STORED DATA
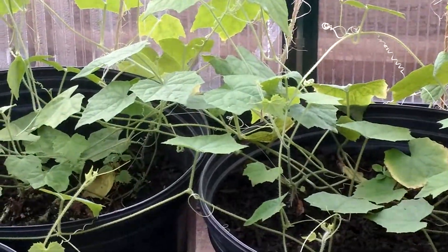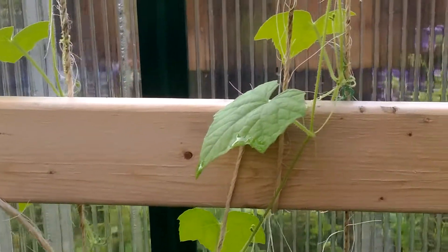So these are my cucamelons. They're extremely hard to grow in Cape Breton and they just flowered.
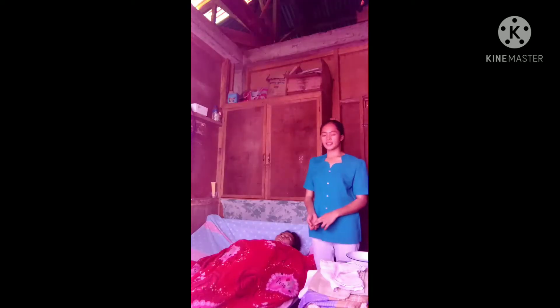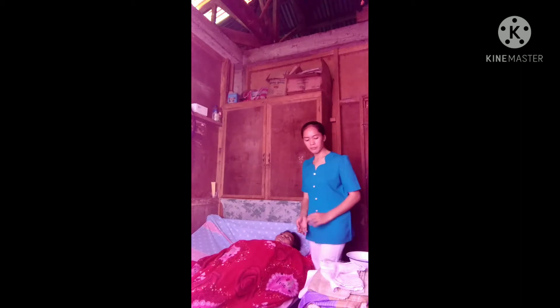The next step is to close the window and screen the patient to provide privacy. Next, offer a bed pad, and then replace the top sheet with the bath blanket.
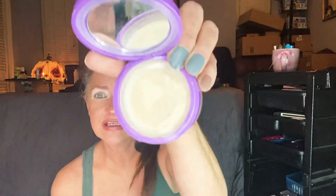This is Tarte translucent powder — the Shape Tape, I believe. Let's see what it is. Shape Tape. What did I say? Sharp tape. Anyway, that's what that is.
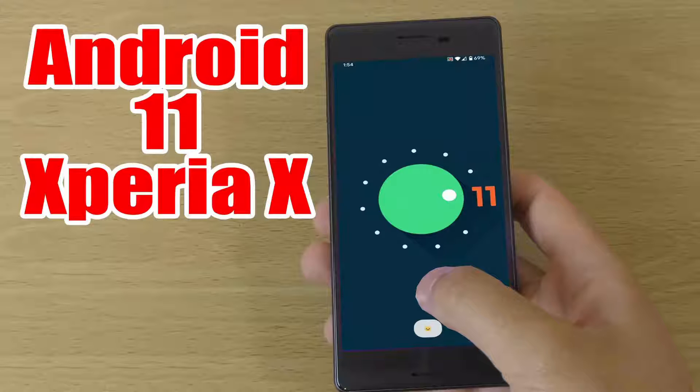Install Android 11 on Xperia X via Lineage OS 18.1.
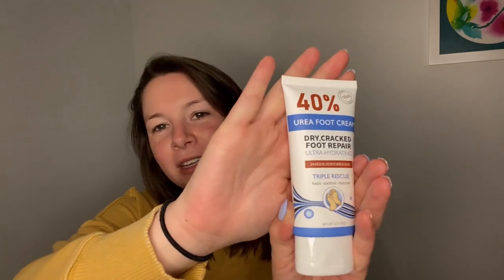Hey guys, I'm here with you today with the Urea Foot Cream. I have absolutely been loving this product. It has been working wonders for my feet and really just healing the deep cracks that occur from daily wear and tear on my feet, especially in the drier weather.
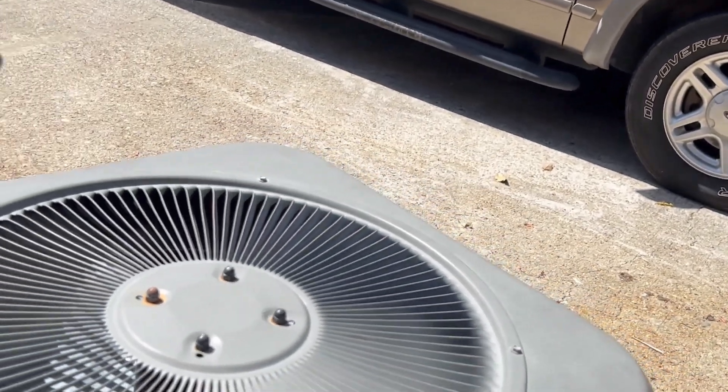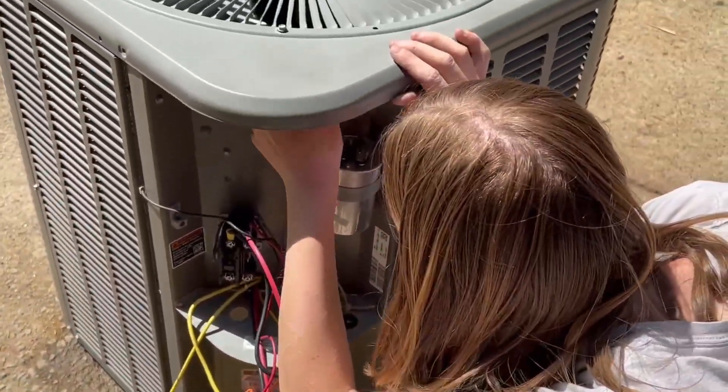Oh shoot — the wire, did you not put it through? No, that's good — oh, you did. It's hitting the corner — there you go. You don't want the fan motor wire getting smashed. It's going through the little hole here — move it out of the hole.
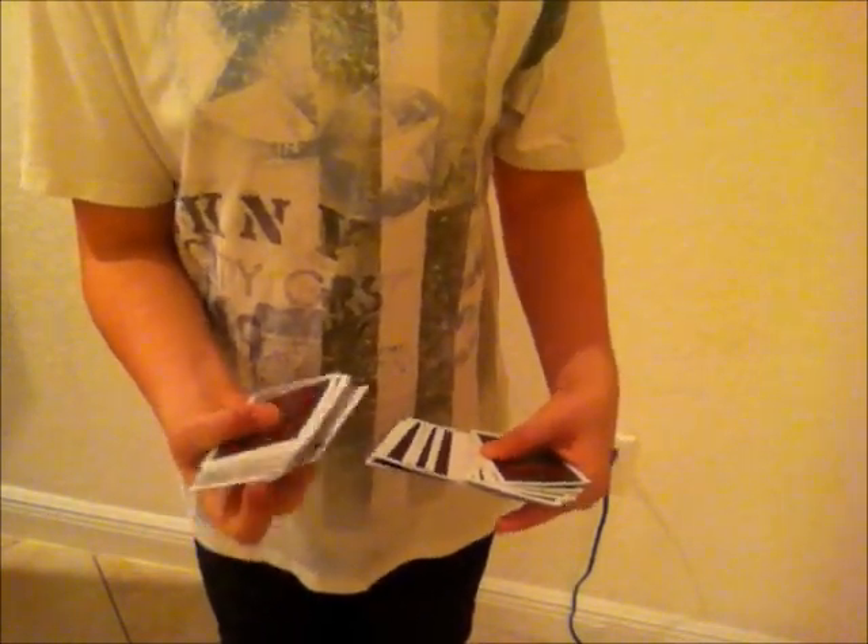Let's learn it. For the first part, you get any card selected — in this case, it's the five of spades. You do this move: you take your pinky, ring, and middle, and clip the card to the bottom. That move is all done under the cover of this packet of cards. Take the card and put it to the bottom underneath this cover. Then you should have the card the wrong way on the bottom.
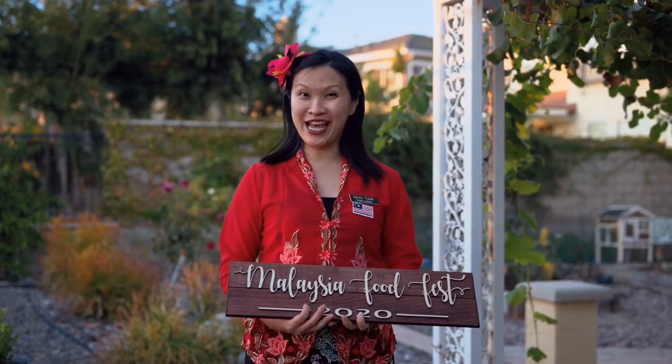Welcome back to episode 9 of Malaysia Food Fest 2020. In this episode I will be showing you how to make a delectable dessert cream puff pastry featuring the king of all fruits, durian.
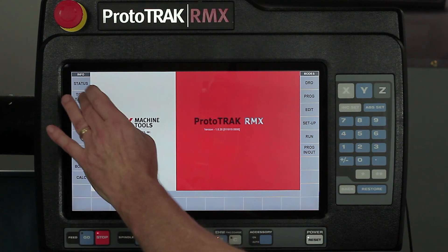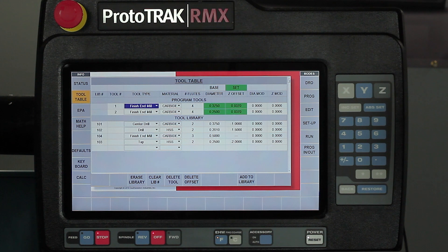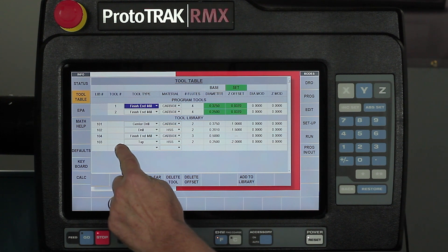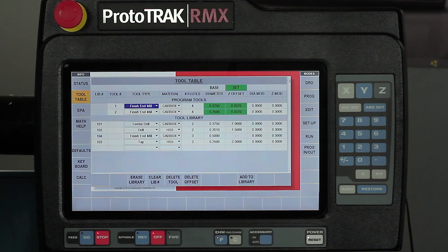The next button is the tool table. This allows you to have tools set up with the new tool setter that comes with the control, so all your offsets are preset for the tools you run all the time. Each time you make a program, you don't have to set up your tools from scratch — simply bring in your program, transfer the tools from the library into the program, set your Z0, and you're up and running.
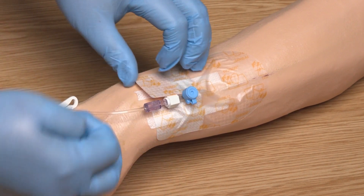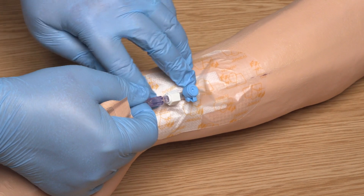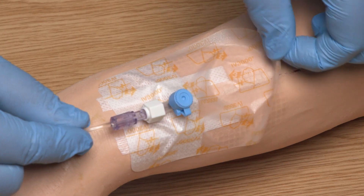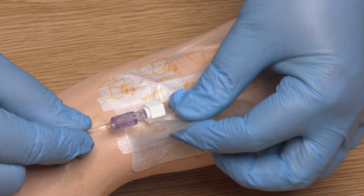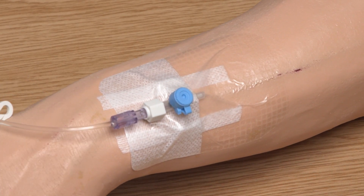Following completion of the procedure, I can dispose of used equipment into the clinical waste, remove my PPE and perform hand hygiene. Redressing of the vascular access device should be documented in the associated care plan.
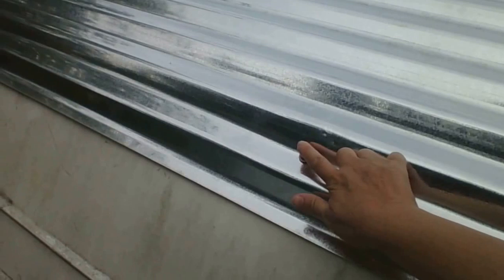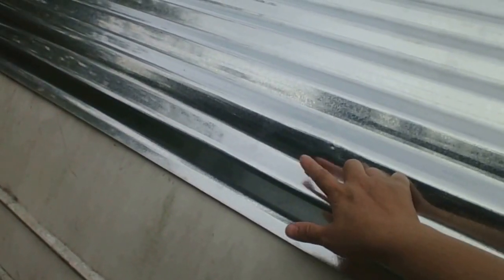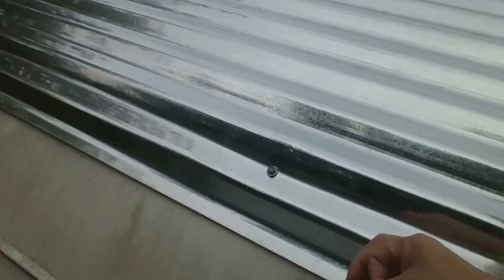I just got home from the doctor's office, but the roof is already done. You just need another case of these tap screws.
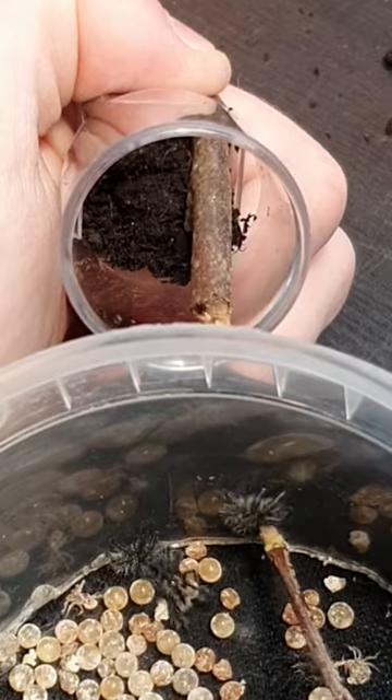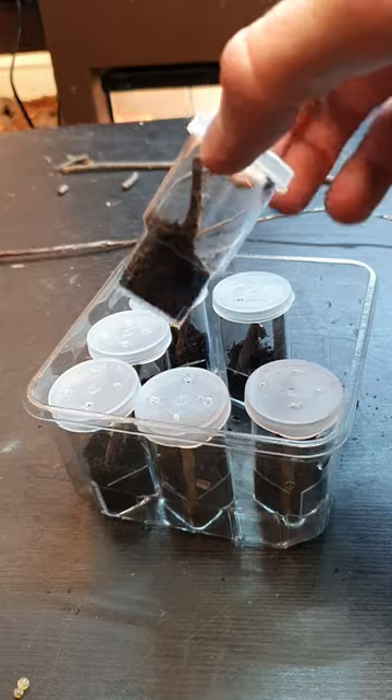Once the spiders grow bigger they will get a bigger enclosure. As you can see I have moved 7 of the slings into their new individual enclosures.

PROBLEM DESCRIPTION
Without including the pictures, copy all of the data exactly.

OUTPUT
So these are my cucamelons. They're extremely hard to grow in Cape Breton and they just flowered.
The next step is to close the window and screen the patient to provide privacy. Next, offer a bed pad, and then replace the top sheet with the bath blanket.
This is Tarte translucent powder — the Shape Tape, I believe. Let's see what it is. Shape Tape. What did I say? Sharp tape. Anyway, that's what that is.
Install Android 11 on Xperia X via Lineage OS 18.1.
Hey guys, I'm here with you today with the Urea Foot Cream. I have absolutely been loving this product. It has been working wonders for my feet and really just healing the deep cracks that occur from daily wear and tear on my feet, especially in the drier weather.
Oh shoot — the wire, did you not put it through? No, that's good — oh, you did. It's hitting the corner — there you go. You don't want the fan motor wire getting smashed. It's going through the little hole here — move it out of the hole.
Let's learn it. For the first part, you get any card selected — in this case, it's the five of spades. You do this move: you take your pinky, ring, and middle, and clip the card to the bottom. That move is all done under the cover of this packet of cards. Take the card and put it to the bottom underneath this cover. Then you should have the card the wrong way on the bottom.
Welcome back to episode 9 of Malaysia Food Fest 2020. In this episode I will be showing you how to make a delectable dessert cream puff pastry featuring the king of all fruits, durian.
The next button is the tool table. This allows you to have tools set up with the new tool setter that comes with the control, so all your offsets are preset for the tools you run all the time. Each time you make a program, you don't have to set up your tools from scratch — simply bring in your program, transfer the tools from the library into the program, set your Z0, and you're up and running.
Following completion of the procedure, I can dispose of used equipment into the clinical waste, remove my PPE and perform hand hygiene. Redressing of the vascular access device should be documented in the associated care plan.
I just got home from the doctor's office, but the roof is already done. You just need another case of these tap screws.
Once the spiders grow bigger they will get a bigger enclosure. As you can see I have moved 7 of the slings into their new individual enclosures.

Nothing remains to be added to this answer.